- _Exercise prompt_:
Repeat every line from the line containing "VoIP komunikace DECT" to the end of the data, exactly. Leave the pictures out.

- _Supplied material_:
'''

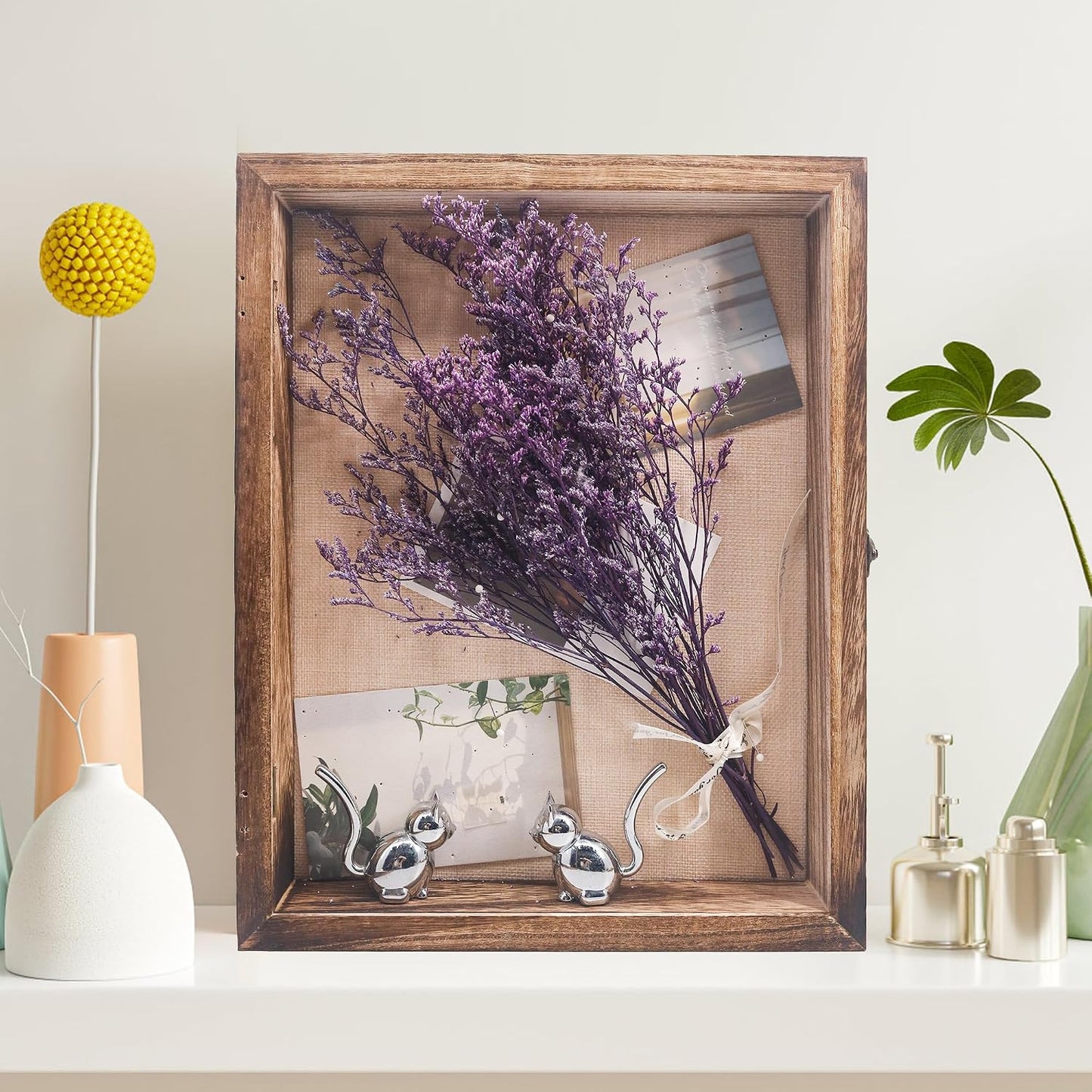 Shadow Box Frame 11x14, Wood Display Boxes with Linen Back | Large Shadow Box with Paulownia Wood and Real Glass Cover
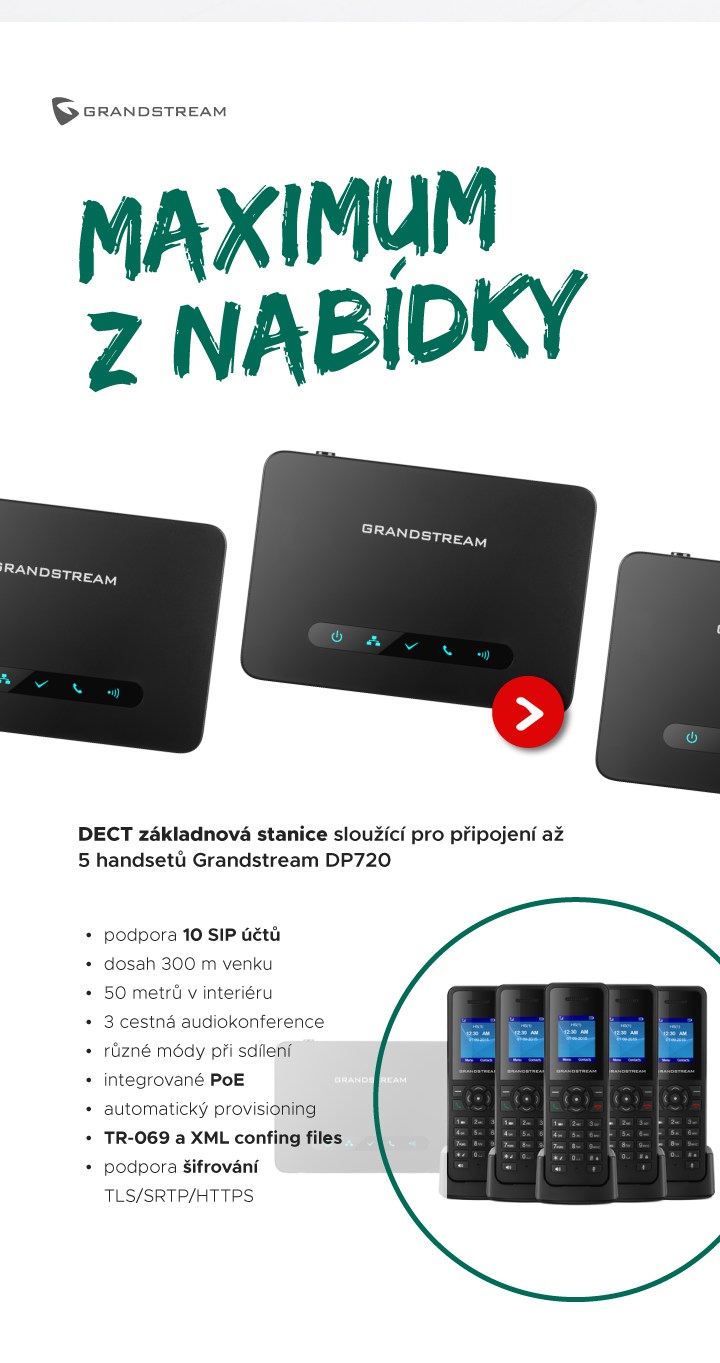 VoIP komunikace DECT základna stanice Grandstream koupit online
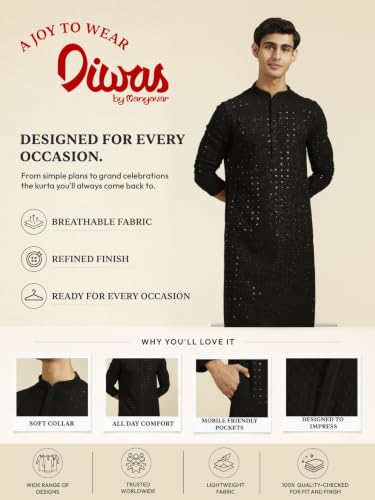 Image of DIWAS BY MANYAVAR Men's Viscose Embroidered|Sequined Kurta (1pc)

'''

- _Result below_:
 VoIP komunikace DECT základna stanice Grandstream koupit online
 Image of DIWAS BY MANYAVAR Men's Viscose Embroidered|Sequined Kurta (1pc)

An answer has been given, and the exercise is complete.